In a recent interview with CEO Craig Scroggie, The Australian Business Executive learned a little more about the growing business of carrier neutral data centres.
“The company’s goal is to serve both enterprise and the cloud computing providers, domestic and international, as the home for all of their computer infrastructure,” Mr. Scroggie tells us.
“We tend to say, when people think about NEXTDC, it’s where the cloud lives. It’s where people come to house their computing infrastructure, but also connect to their network providers and connect to their cloud computing providers as well.”
Neutrality
Data centres are not a new phenomenon, but the changing nature of the industry, and the rapid rise of cloud computing, means carrier neutral centres have become a big player in the industry, offering an alternative to in-house or vendor-run facilities.
“The data centre is somewhere where people come to do business together in a neutral location,” Mr. Scroggie says, “so enterprises will come to the data centre in order to get access not to just one outsourcing provider, they’re coming to get access to all of them.”
Carrier neutral data centres are fast becoming commonplace, both in Australia and across the world.

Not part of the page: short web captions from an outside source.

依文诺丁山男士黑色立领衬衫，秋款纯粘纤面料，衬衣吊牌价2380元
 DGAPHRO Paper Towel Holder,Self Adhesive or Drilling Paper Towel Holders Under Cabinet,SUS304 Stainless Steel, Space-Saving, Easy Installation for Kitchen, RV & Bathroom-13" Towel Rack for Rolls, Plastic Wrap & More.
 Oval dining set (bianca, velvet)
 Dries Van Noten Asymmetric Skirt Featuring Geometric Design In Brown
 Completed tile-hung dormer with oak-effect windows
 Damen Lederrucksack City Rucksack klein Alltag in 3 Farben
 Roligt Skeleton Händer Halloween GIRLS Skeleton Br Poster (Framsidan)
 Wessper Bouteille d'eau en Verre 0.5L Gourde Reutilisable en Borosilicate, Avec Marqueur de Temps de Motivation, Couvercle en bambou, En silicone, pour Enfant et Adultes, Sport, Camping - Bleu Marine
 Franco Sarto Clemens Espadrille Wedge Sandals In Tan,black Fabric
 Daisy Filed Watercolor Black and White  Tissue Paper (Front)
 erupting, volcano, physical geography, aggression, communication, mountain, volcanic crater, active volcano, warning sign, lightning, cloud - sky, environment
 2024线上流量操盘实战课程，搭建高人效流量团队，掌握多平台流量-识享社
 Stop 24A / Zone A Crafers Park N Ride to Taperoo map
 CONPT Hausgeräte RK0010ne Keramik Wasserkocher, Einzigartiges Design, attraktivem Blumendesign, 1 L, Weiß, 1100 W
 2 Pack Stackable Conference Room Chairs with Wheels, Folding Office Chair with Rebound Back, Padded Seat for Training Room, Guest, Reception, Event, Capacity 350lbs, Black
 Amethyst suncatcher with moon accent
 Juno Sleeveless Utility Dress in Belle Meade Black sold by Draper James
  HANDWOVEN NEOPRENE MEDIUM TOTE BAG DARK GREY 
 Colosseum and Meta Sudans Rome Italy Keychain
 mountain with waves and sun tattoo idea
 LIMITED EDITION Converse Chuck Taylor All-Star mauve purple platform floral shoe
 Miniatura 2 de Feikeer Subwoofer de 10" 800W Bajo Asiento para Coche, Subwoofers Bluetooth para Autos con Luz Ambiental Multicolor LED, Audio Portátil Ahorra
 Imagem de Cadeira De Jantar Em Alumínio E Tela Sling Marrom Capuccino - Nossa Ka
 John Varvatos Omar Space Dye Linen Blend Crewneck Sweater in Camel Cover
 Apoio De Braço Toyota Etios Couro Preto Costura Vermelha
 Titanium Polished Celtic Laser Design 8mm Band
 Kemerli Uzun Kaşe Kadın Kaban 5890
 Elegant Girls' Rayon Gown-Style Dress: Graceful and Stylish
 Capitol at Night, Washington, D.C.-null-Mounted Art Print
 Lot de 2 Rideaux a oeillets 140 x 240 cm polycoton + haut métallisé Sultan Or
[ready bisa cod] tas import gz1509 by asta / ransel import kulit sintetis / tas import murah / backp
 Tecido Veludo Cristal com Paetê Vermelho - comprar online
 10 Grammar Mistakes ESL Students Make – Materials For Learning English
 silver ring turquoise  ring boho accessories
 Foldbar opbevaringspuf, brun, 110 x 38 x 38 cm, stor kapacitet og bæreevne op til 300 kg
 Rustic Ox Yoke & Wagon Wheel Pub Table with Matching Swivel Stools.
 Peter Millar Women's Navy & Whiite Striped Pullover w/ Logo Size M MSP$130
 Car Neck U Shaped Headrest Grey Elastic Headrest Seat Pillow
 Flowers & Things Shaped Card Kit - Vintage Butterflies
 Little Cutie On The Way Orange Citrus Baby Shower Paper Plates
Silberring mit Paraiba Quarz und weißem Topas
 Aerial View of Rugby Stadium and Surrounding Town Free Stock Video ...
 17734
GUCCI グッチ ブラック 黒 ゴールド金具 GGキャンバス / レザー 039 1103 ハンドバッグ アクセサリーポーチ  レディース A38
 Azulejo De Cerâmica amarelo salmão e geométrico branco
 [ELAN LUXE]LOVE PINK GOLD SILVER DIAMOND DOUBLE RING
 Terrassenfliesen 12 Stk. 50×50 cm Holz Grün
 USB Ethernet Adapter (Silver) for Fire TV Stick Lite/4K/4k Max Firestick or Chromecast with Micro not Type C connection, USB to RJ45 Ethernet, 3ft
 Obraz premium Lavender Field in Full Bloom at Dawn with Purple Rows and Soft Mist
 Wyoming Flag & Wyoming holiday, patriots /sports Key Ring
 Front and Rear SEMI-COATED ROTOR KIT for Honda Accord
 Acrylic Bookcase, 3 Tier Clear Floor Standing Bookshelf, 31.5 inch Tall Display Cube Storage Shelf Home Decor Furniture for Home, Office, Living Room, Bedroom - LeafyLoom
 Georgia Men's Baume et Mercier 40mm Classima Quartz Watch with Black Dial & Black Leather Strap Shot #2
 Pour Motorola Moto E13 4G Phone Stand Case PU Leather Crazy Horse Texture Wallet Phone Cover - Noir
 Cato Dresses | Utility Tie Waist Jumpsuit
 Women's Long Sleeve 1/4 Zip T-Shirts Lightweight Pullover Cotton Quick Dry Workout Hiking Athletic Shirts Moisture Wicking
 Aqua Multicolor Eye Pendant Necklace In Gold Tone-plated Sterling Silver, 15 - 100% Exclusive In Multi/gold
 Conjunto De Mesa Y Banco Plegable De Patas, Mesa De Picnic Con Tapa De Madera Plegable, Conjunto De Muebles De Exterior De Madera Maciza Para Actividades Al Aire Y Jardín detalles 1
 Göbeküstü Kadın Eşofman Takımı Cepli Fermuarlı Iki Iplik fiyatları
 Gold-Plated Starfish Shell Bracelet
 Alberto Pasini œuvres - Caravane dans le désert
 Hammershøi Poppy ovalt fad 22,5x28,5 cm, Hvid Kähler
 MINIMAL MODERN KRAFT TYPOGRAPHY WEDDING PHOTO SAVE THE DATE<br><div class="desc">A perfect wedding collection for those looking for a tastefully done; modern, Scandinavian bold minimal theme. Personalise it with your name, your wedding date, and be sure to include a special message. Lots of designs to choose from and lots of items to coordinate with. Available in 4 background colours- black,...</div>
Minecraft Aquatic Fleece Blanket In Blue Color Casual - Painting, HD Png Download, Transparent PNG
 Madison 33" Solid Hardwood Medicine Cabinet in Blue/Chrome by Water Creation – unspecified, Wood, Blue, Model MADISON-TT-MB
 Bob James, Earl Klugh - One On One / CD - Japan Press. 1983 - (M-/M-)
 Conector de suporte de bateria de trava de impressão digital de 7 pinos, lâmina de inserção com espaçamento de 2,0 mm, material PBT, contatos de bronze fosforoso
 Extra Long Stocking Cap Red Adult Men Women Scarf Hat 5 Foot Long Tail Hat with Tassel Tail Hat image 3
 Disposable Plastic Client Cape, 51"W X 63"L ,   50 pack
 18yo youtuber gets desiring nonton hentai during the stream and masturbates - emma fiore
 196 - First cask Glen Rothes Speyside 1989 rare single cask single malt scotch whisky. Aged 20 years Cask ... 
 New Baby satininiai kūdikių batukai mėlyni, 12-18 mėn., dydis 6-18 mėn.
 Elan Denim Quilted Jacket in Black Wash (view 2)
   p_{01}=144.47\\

In the emerging cloud computing world, organisations require a different kind of access, due to the bonding of networks together in order to provide pay-as-you-consume computing capacity.
“We provide not only the physical aspects of housing all of that computer infrastructure… but importantly a network connectivity, the ability for organisations to be able to connect to a multiplicity of carriers and cloud computing providers.”
The company is also soon to release NEXTDC switching fabric, enabling fast, direct connections to cloud services, bypassing the public internet.
Technical issues like the amount of power, cooling, security and standards are all highly important to a company like NEXTDC, but neutrality is the crucial component that puts such businesses in high demand.
At the enterprise cloud level, big, global public cloud suppliers have changed the way enterprises are consuming computing capability. Organisations can pay for exactly the amount of computing they need, no longer required to spend large amounts of capital on servers and software without an immediate return on the investment.
“In the pay-as-you-consume computing world,” Mr. Scroggie explains, “you can spin-up a server, and only pay for the minutes that you use it for. So too it goes for storage, or network, or anything else that is moved into the consumption economic model.”
Mr. Scroggie uses Apple’s iTunes model as a comparison, a platform where users have access to a huge catalogue of content, but only pay for it as and when they use it.
“As a consumer,” Mr. Scroggie adds, “those services that you’re eating in the application economy are far more pay-per-use, than they are just a payment for a fixed amount of capacity whether you use it or not.”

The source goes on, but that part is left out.